Это “собственное арнонкуровское видение” запечатлено в его многочисленных записях: результат более чем тридцати лет эксклюзивных отношений с Teldec. Дискография включает записи всех симфоний Бетховена, Шуберта, Брамса, симфоний и концертов Шумана, большинство симфоний Моцарта, всего же у Арнонкура более сотни дисков, что очень много, особенно если учитывать его стиль работы. В 1994 году циклу симфоний Бетховена с Венским филармоническим оркестром предшествовали легендарные 70 часов репетиций. Флейтист Венской филармонии Кейт Брагг говорил:
“Он предъявляет большие требования к терпению и обязательности исполнителей. Они не привыкли прорабатывать каждую отдельную ноту каждой отдельной фразы”.
Однако эти репетиции доставляли музыкантам немало любопытных моментов.

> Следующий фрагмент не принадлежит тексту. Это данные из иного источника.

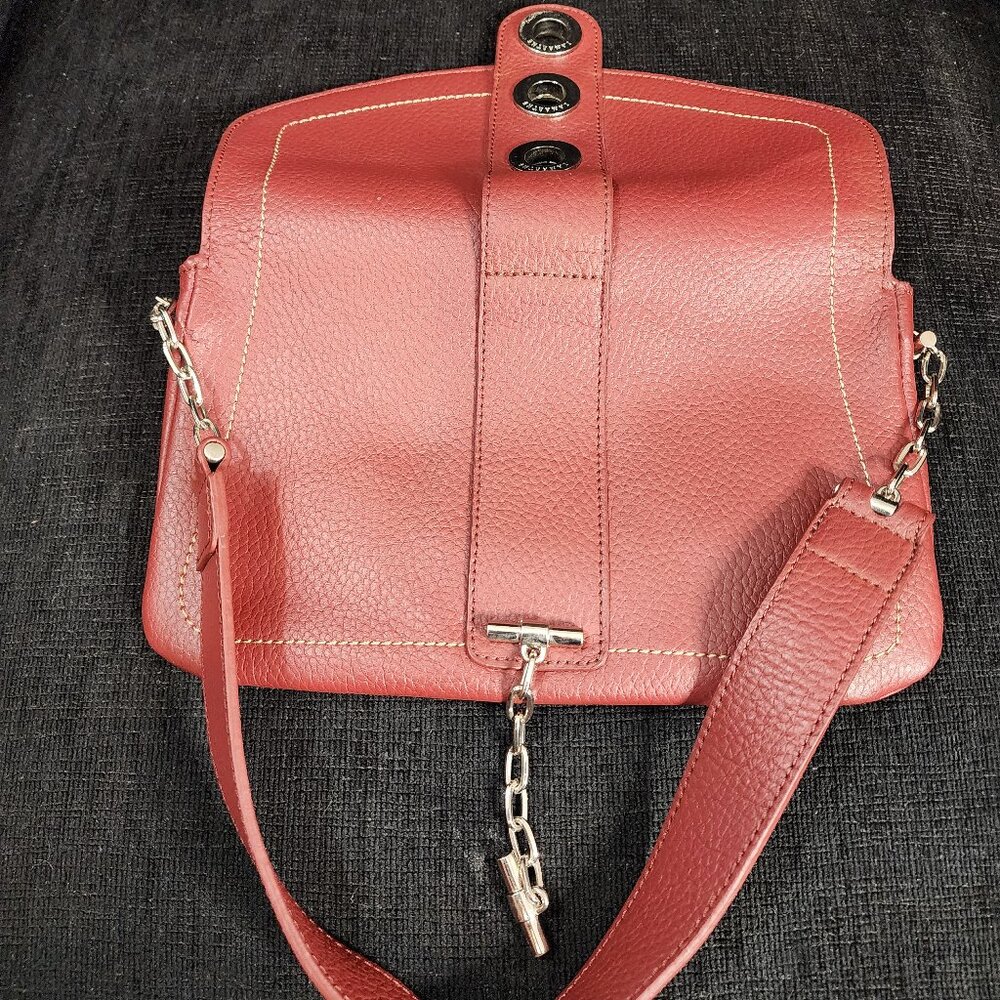 Lamarthe Paris Rust Red Pebbled Leather Shoulder Bag - Picture 5 of 9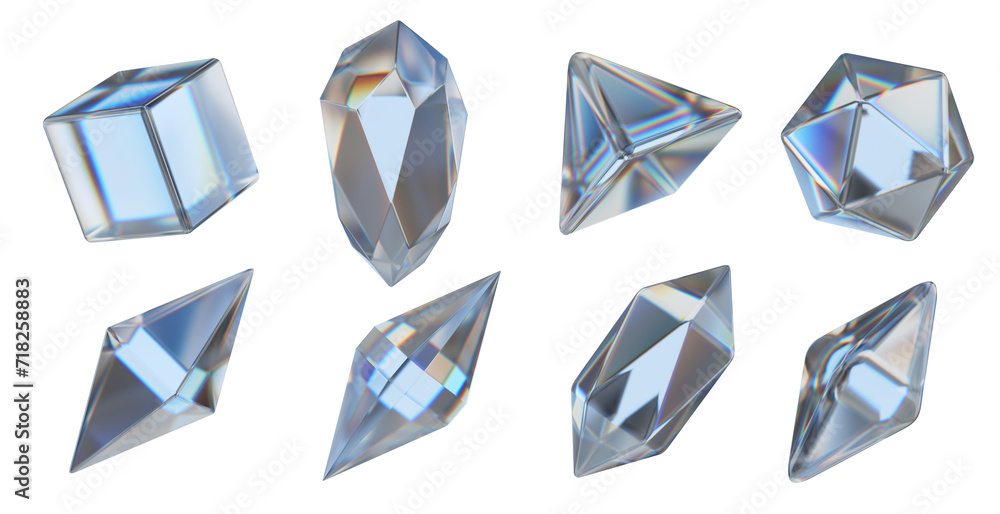 Poster crystal dispersion geometry shape set isolated background 3d rendering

В опере география Арнонкура охватывает театры Милана, Цюриха, Амстердама, Гамбурга, Франкфурта и Вены, среди певцов, с которыми он работает — Чечилия Бартоли, Дон Апшоу, Сильвия Макнэйр, Томас Хэмпсон, а репертуар простирается от Монтеверди до “Фиделио”, “Геновевы” и “Летучей мыши”. Арнонкур, который в “Похищении из сераля” не довольствовался приблизительными аналогами, но в точности восстановил банду “турецких” ударных, стал также одним из первых дирижеров, распространивших аутентичный подход на венскую оперетту — в частности, исполнив и записав “Цыганского барона”.
— Каждый дирижер меняет инструментовку, добавляя пару валторн, меняя литавры и тому подобное. В конце 1940-х — начале 1950-х я часто играл в оркестре Фольксопер. Дирижеры там знали музыку такого рода вдоль и поперек, но не было ни одной партитуры, которую они оставили бы в неприкосновенности. Издание Кранца, которое использует большинство театров, полно ретушей — и там не хватает 40 минут музыки!
Но при максимальной точности воспроизведения текста восприятие Арнонкуром этой партитуры очень индивидуально. На вопрос о том, что говорит музыка “Цыганского барона” о его персонажах, отец четверых детей Николаус Арнонкур ответил в интервью Брайану Ханту:
“Я думаю, кое-что можно предположить. Например, куплеты Мирабеллы ясно говорят мне, что она имела ребенка от каждого, с кем вступала в связь.
Я уверен — исходя из силы музыки, которую она поет, — что у нее по крайней мере один ребенок от Карнеро, так что у Оттакара может быть еще один брат или сестра”.
Переводы Надежды Маркарян и Анны Булычевой. Газета “Мариинский театр”, 2000 г.